Data items:

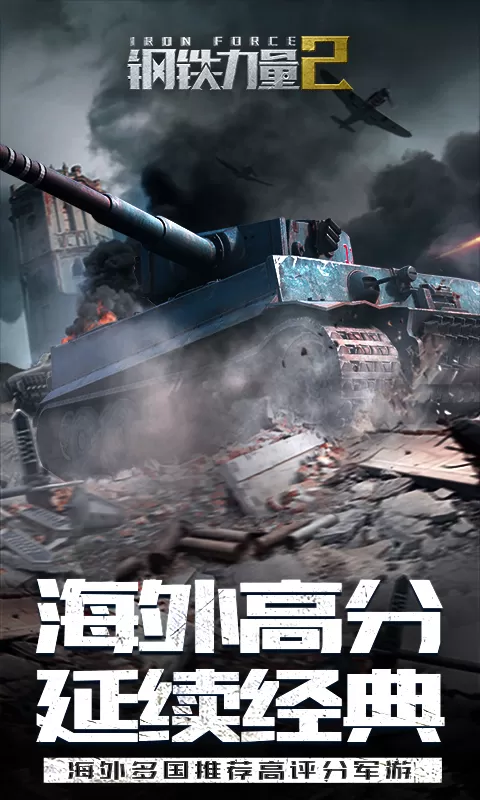 钢铁力量2最新版本图1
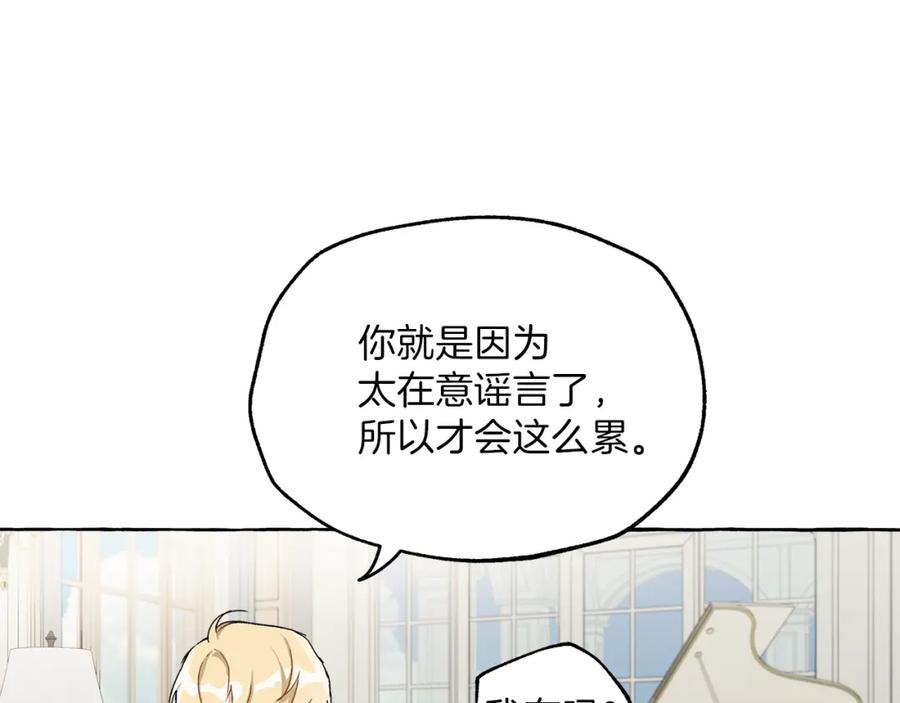 一切都是错觉 第27话 陪着你 第95页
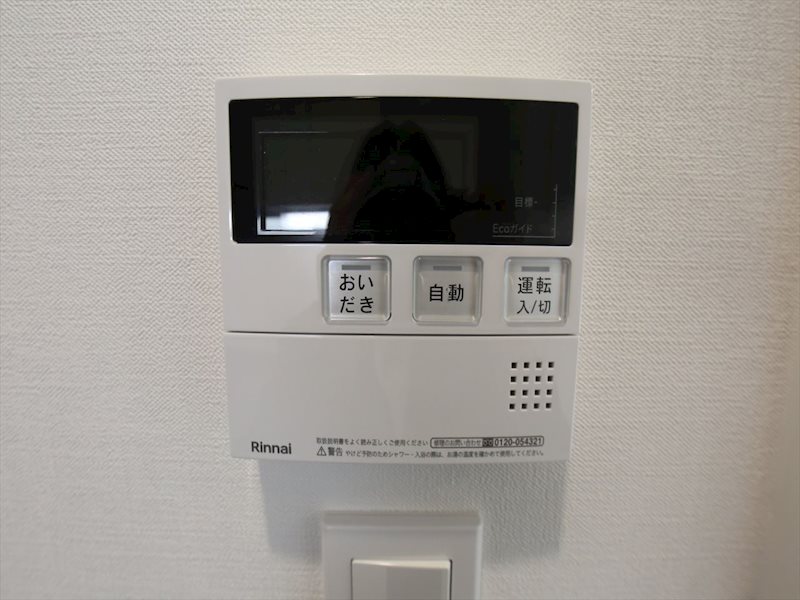ＭＯＶＥ中村公園ＥＡＳＴ 給湯設備　追い焚き・オートバス機能完備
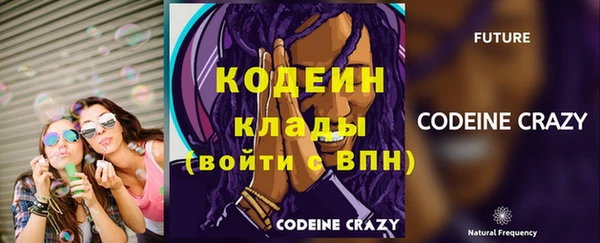 гашишное масло Майский
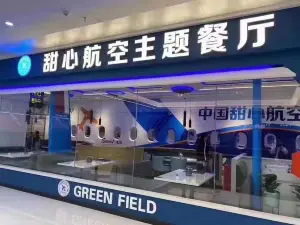 甜心航空主題餐廳（電白萬達廣場店）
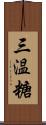 三温糖 Scroll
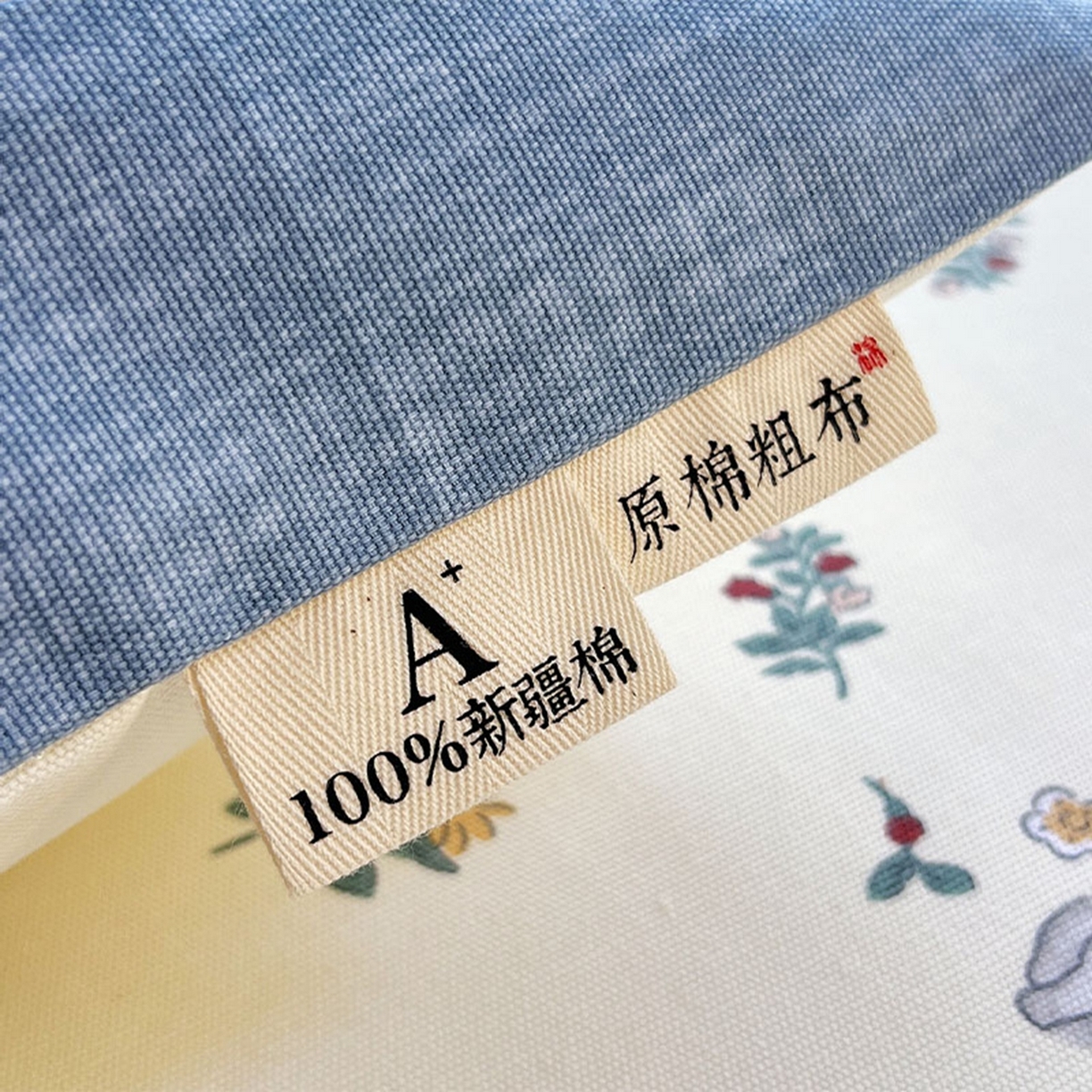 91家纺网 家纺一手货源 找家纺 春皖家纺 2026新款全棉老粗布工艺款单枕套枕套单件 蘑菇兔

WHAT IS EXPECTED: Write the entries out again exactly as they appear, with the pictures omitted.

SOLUTION BELOW:
 钢铁力量2最新版本图1
 一切都是错觉 第27话 陪着你 第95页
ＭＯＶＥ中村公園ＥＡＳＴ 給湯設備　追い焚き・オートバス機能完備
 гашишное масло Майский
 甜心航空主題餐廳（電白萬達廣場店）
 三温糖 Scroll
 91家纺网 家纺一手货源 找家纺 春皖家纺 2026新款全棉老粗布工艺款单枕套枕套单件 蘑菇兔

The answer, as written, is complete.